In his flawed analysis of Astral Foods’ interim results, Association of Meat Importers & Exporters (AMIE) CEO Paul Matthew did a disservice to Astral and to the SA poultry industry ("Good for Astral, but not for consumers”, May 17).

He wrongly claims that when Astral has reported increased revenues and profits it has done so because it has raised chicken prices at the expense of the consumer. In its results statement and presentation, Astral explained clearly how it achieved those results — it expanded its business and sold more chickens. It also contained operating costs, improved economies of scale and partially — only partially — recovered steeply rising input costs through higher selling prices. 

Further, Astral as a listed public company, has provided transparent detail on its operating margins. Broiler margins improved from a paltry -0.2% to 4.7% on the comparable reporting periods.  Does this result speak to a business making profits at the expense of a consumer? 

Under the Poultry Master Plan Astral has invested almost R1bn in expanding its poultry-processing capacity and created a further 350 jobs. Why does AMIE not share its members’ net operating margins with the sector? Let’s see their returns on investment.

Matthew says chicken prices increased 17% from January 2021 to January 2022, and he puts the blame on tariff increases in terms of the master plan (of which he is a signatory). Both statements are wrong. 

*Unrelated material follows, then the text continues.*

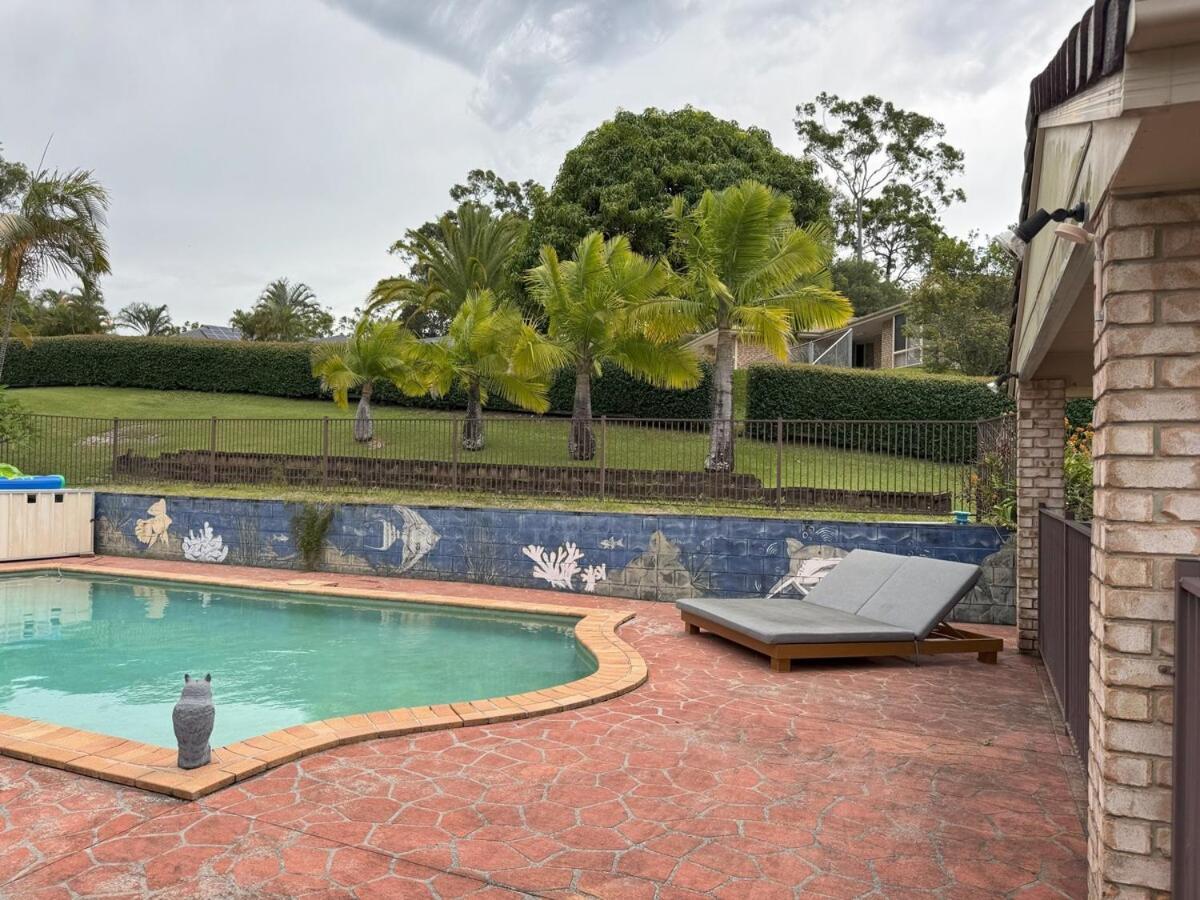 2 Bedroom Granny Flat In Nerang With Shared Pool Gold Coast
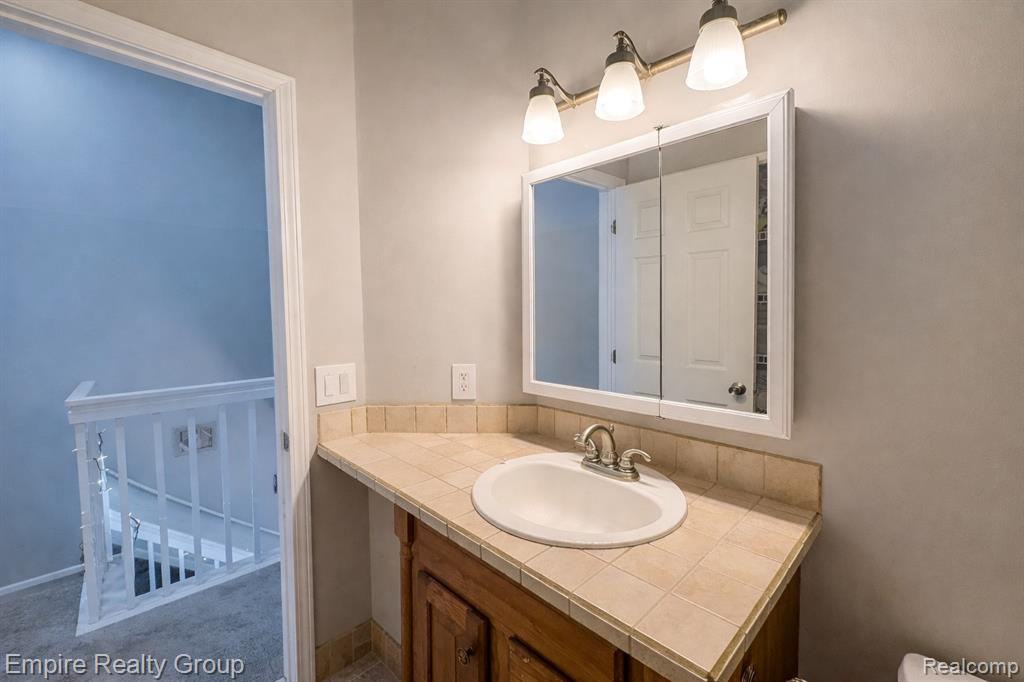5925 Northridge Circle, Waterford, MI 48327 — Photo 21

The SA Poultry Association reports monthly on the average prices received by poultry producers. In January the average monthly broiler producer price was R27.99/kg, an increase of 13.8% over January 2021.

If import tariffs played a part in that increase it was a small one. The main factor was rapidly rising input costs, particularly maize and soya, which make up 70% of poultry input costs. This was, and remains, a global phenomenon — food prices are rising all over the world.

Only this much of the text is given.